Exercise goal » Every entry gets copied exactly. No images go into the copy.

Information »

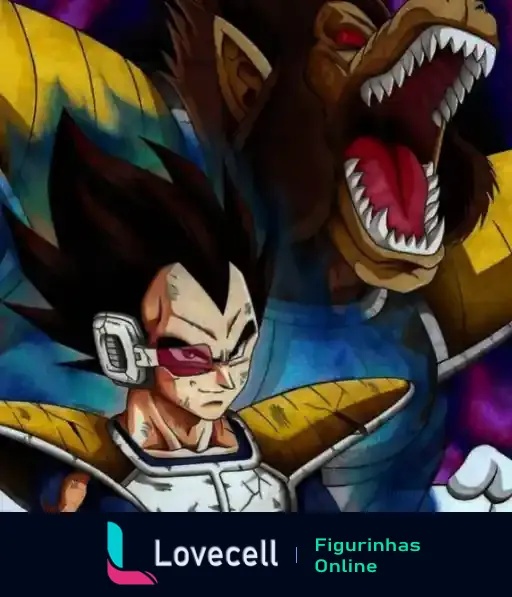 Figurinha do Super Vegeta se transformando no poderoso Oozaru, destaque da série, com um visual marcante e muita intensidade.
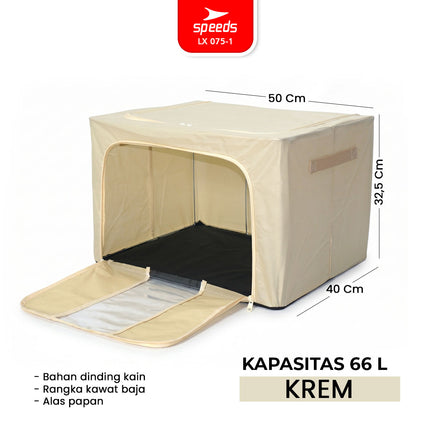 SPEEDS Storage Box Jumbo 66L 100L Kotak Penyimpanan Pakaian Anti Lembab 075-1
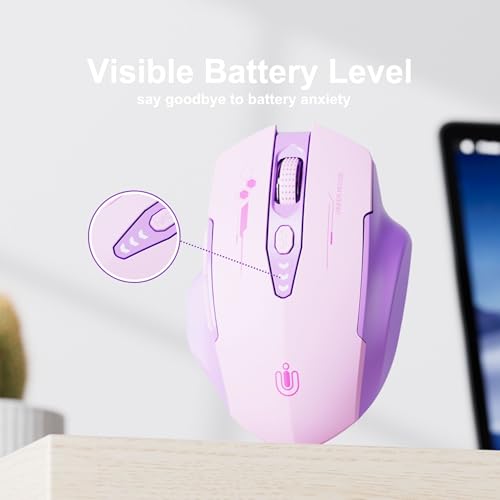 Uineer Kabellose Bluetooth Maus, Tri-Modus BT 5.0/4.0 & 2,4 GHz, violett – Ansicht 3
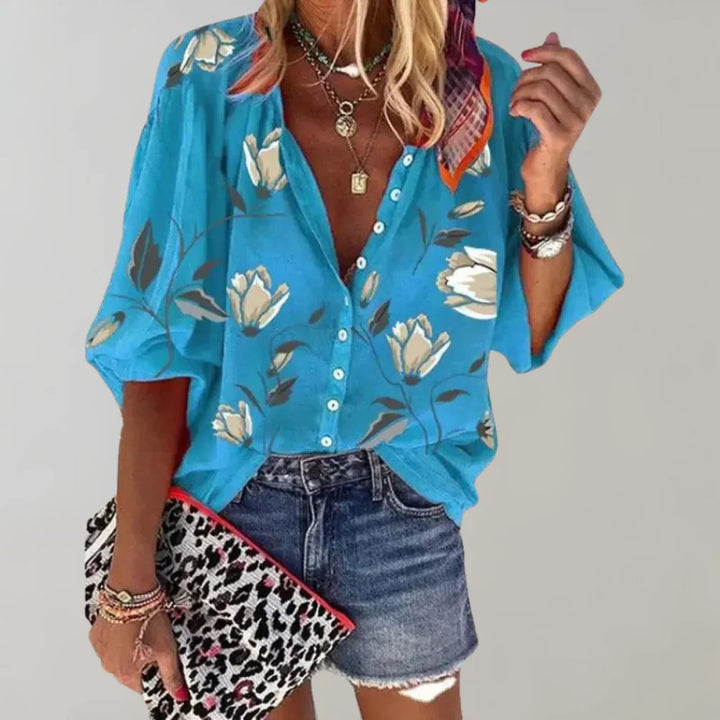 Elara - Camicetta estiva leggera con motivo floreale per un look fresco e di tendenza
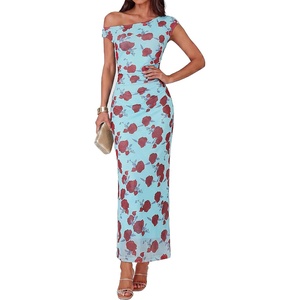 GRACE KARIN Women One Shoulder Bodycon Floral Wedding Guest Cocktail Dress | Elegant Ruched Maxi,Stretchy Mesh,Back slit,Suitable for Formal/Evening Party/Prom/Bridal Shower/Summer/Fall(Floral Blue Rose)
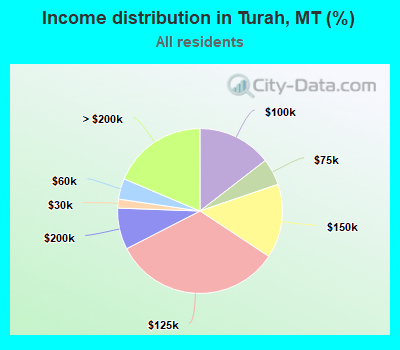 Income distribution in Turah, MT (%)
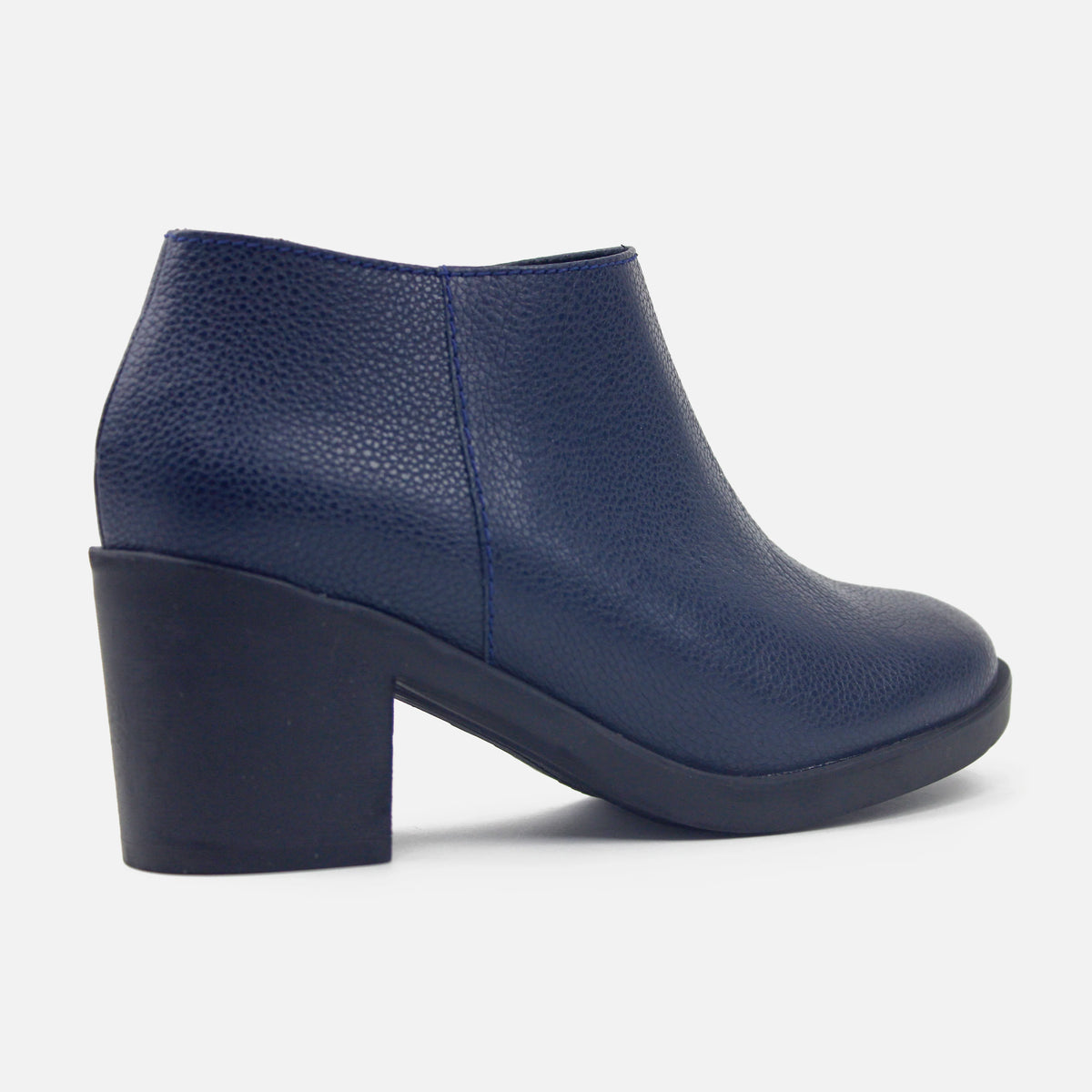 Botin tacon elisabett de cuero para mujer - Azul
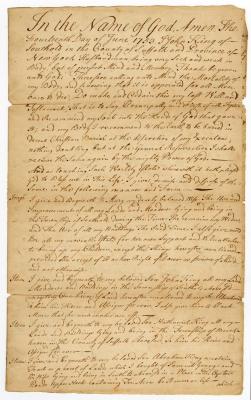 Probated will of John King, 1756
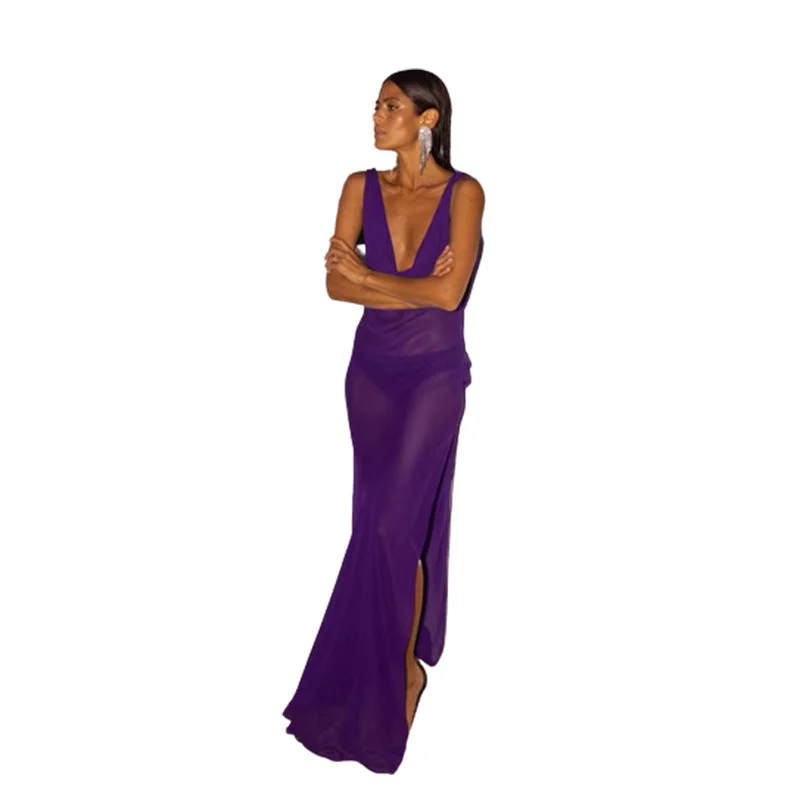 "Flash Sale: Grab Your Favorite Women's Dresses at Unbeatable Prices!"2023 new arrivals women natural solid color v-neck mesh see through dress summer maxi dress "Flash Sale: Grab Your Favorite Women's Dresses at Unbeatable Prices!"2023 new arrivals women natural solid color v-neck mesh see through dress summer maxi dress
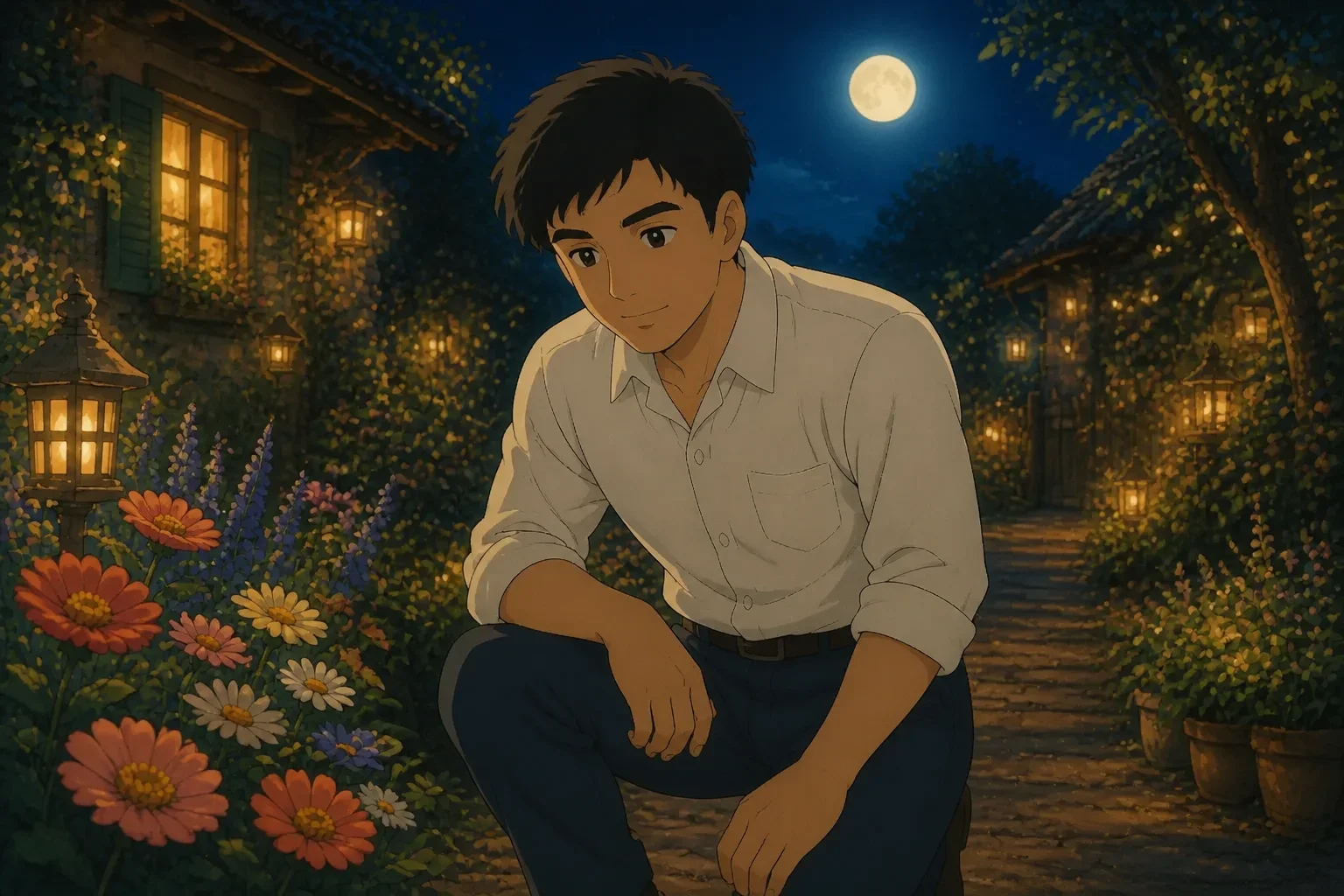 An emotional scene where John looks down in the moonlit garden after realizing the folly of his obsession, with a gentle expression of understanding and acceptance.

Exercise output »
 Figurinha do Super Vegeta se transformando no poderoso Oozaru, destaque da série, com um visual marcante e muita intensidade.
 SPEEDS Storage Box Jumbo 66L 100L Kotak Penyimpanan Pakaian Anti Lembab 075-1
 Uineer Kabellose Bluetooth Maus, Tri-Modus BT 5.0/4.0 & 2,4 GHz, violett – Ansicht 3
 Elara - Camicetta estiva leggera con motivo floreale per un look fresco e di tendenza
 GRACE KARIN Women One Shoulder Bodycon Floral Wedding Guest Cocktail Dress | Elegant Ruched Maxi,Stretchy Mesh,Back slit,Suitable for Formal/Evening Party/Prom/Bridal Shower/Summer/Fall(Floral Blue Rose)
 Income distribution in Turah, MT (%)
 Botin tacon elisabett de cuero para mujer - Azul
 Probated will of John King, 1756
 "Flash Sale: Grab Your Favorite Women's Dresses at Unbeatable Prices!"2023 new arrivals women natural solid color v-neck mesh see through dress summer maxi dress "Flash Sale: Grab Your Favorite Women's Dresses at Unbeatable Prices!"2023 new arrivals women natural solid color v-neck mesh see through dress summer maxi dress
 An emotional scene where John looks down in the moonlit garden after realizing the folly of his obsession, with a gentle expression of understanding and acceptance.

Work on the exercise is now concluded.